Orszag then ran the column by his colleagues at the White House:
Woodward adds, "Should he alert the White House? [Orszag] wondered. Better not to surprise them. With some discomfort, because a columnist is supposed to speak for himself, not his former employer, Orszag sent his draft to Valerie Jarrett. It was about three days before the column was scheduled to run. Here’s a draft, he wrote in an email to her. Let me know if you have any comments."

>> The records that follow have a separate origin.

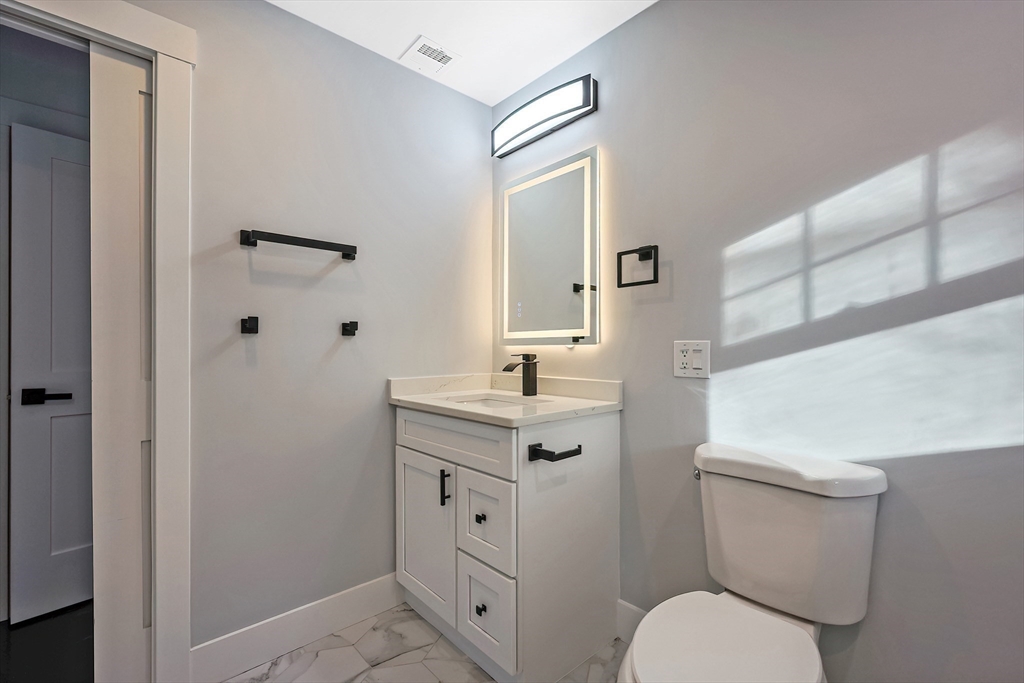 26 Dunstable Road Westford, MA 01886 - Photo 17 of 23 Gallery Image 17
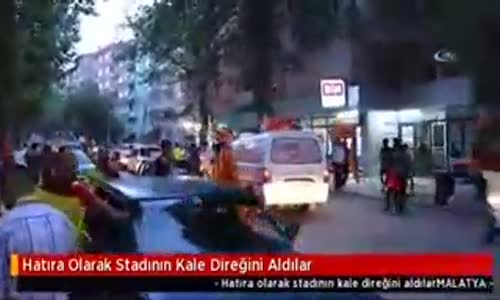 Hatıra Olarak Stadın Kale Direğini Alan Taraftarlar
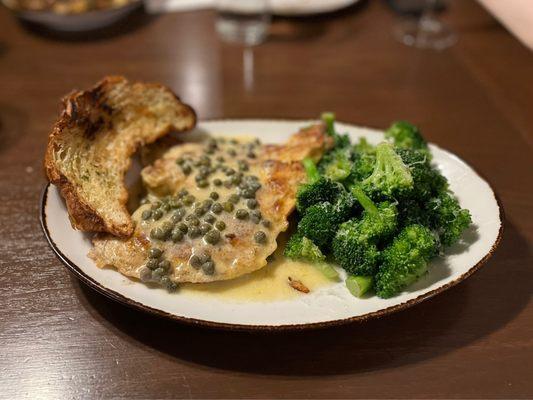 Chicken Piccata with broccoli. White wine sauce that is devilishly rich but not heavy. Perfect entree when pasta doesn't sound right.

Jarrett did have a comment for Orszag, according to Woodward:
"Thanks, Jarrett wrote back. She offered no comments on the draft. The column ran as scheduled, unchanged from the draft Orszag had provided the White House. Orszag was in an airport when he got Jarrett’s email. How could you have done this? It’s ridiculous. You’re so disloyal. You have got to realize the health care bill is wildly unpopular, Orszag replied. Every single speech I give, if I lead with this reflection on its imperfections, the dynamic changes. People will then listen. You can’t hold this law out as perfect. It won’t sell. People think it’s a piece of crap. The weaknesses must be acknowledged. Then it’s credible to say, here’s why it is good and why it is the only thing that will work. Jarrett’s answer was delivered with Politburo finality: You have burned your bridges."

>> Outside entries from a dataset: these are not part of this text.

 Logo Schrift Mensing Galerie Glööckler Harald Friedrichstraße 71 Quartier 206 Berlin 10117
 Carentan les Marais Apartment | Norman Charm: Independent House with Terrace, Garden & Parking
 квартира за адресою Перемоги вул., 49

Halper focuses on the fact that the White House was invited to comment on this column before it was released, but what I find even more striking is the substance of Jarrett's reaction.
Orszag is clearly a friend of the administration, he wrote a column that suggests what else could be added to health-care reform in the future and that in no way criticizes what was passed in Obamacare, and Jarrett's reaction is to say that he's "burned [his] bridges." If an ally's mild advice burns bridges, what doesn't burn them?
And Valerie Jarrett is no second-tier staffer. She's one of the president's closest advisors.
An episode like this suggests one reason why the administration has found it so hard to change course: a resistance to both internal and external critique can leave an administration digging further and further into a rut, no matter how failed that rut may be.